Efforts to recruit general managers from outside the NHS had mixed success. Salaries were too modest to attract many from business, but recently retired officers from the armed forces - enjoying generous pensions - found the posts offered an attractive second career. Few survived to the end of their three year contracts, having underestimated the job’s complexity and doctors’ power. A more successful outsider was Lorne Williamson. He joined from industry, first as district general manager of Brent health authority and then of Tower Hamlets. He says coming from a family of doctors helped.

“I remember my first interview. I was asked how I would deal with an awkward consultant. I said my father was an awkward consultant and therefore I have experience. The lay people thought that was excellent and the medics thought, ‘he’s one of us’.”

He was quick to grasp the importance of getting on with the “power broker medics” who could block change. “I was told it was impossible to deal with inefficient or lazy doctors directly. If I took on a doctor directly, that would be the end. We did get rid of several, but not by the direct method.”

The general managers who joined from the forces “could not handle mixed messages”, Mr Williamson says, whereas his career had equipped him for them.

“In industry, being the managing director of a subsidiary company, we had tension with head office telling us to do one thing and the practicalities telling us to do something else.”

What he calls “the people’s republic of Brent” was an “overtly political” health authority that voted on every issue and where “almost everyone” was against the government. Employees felt little loyalty to their hospital - unlike today, he says.

“Managing in a goldfish bowl” gave him a high profile. “I still have in my loo a leaving present, which was a collage of headlines I attracted. I was called the axeman. I was seen as an agent of change.”

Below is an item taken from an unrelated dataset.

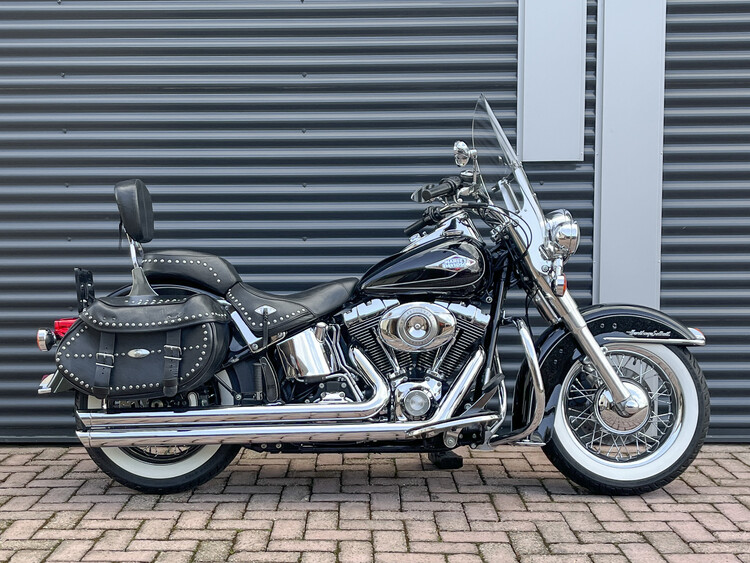 *heritage softail classic flstc 2010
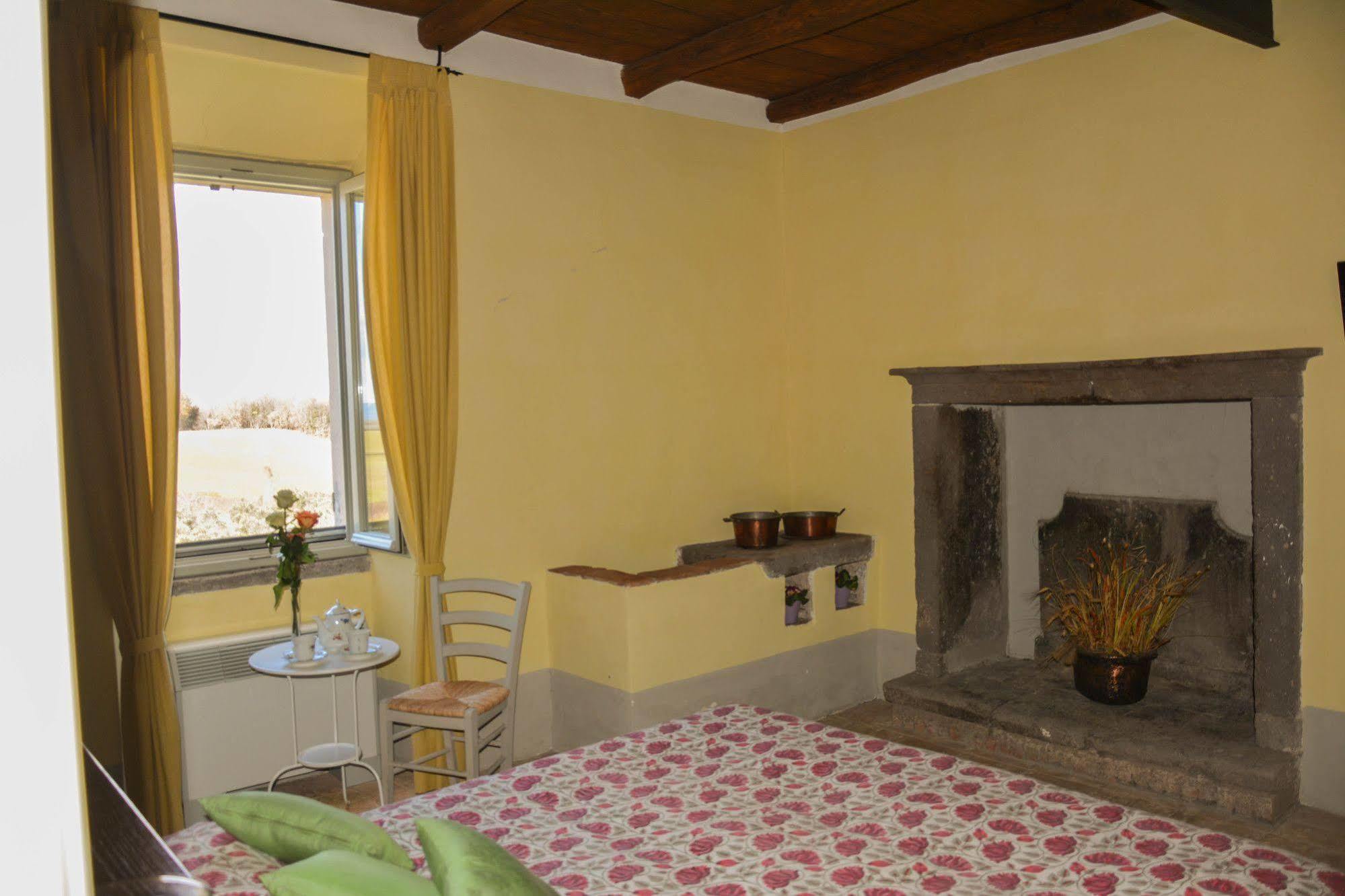 Agriturismo Casale Bonaparte Cellere Ngoại thất bức ảnh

Yet Mr Williamson believes his lack of NHS experience was an advantage. “I was not expected to do things the same way as other people. I got away with a lot. My long term strategic plan was two sides of A4. The average was an inch thick.”

He left Brent when it was merged with Paddington HA, was briefly a locum general manager in North Hertfordshire, which he described as “just too dull”, then joined Tower Hamlets in a hunt for more “headlines, confrontations and victories”. Faced with another reorganisation, he left the NHS in 1992, although he is now a governor of Cambridge University Hospitals foundation trust.

“It was a great experience and I have great admiration for the NHS. Management is much more professional now, but it is hidebound by regulation and fear of risk.”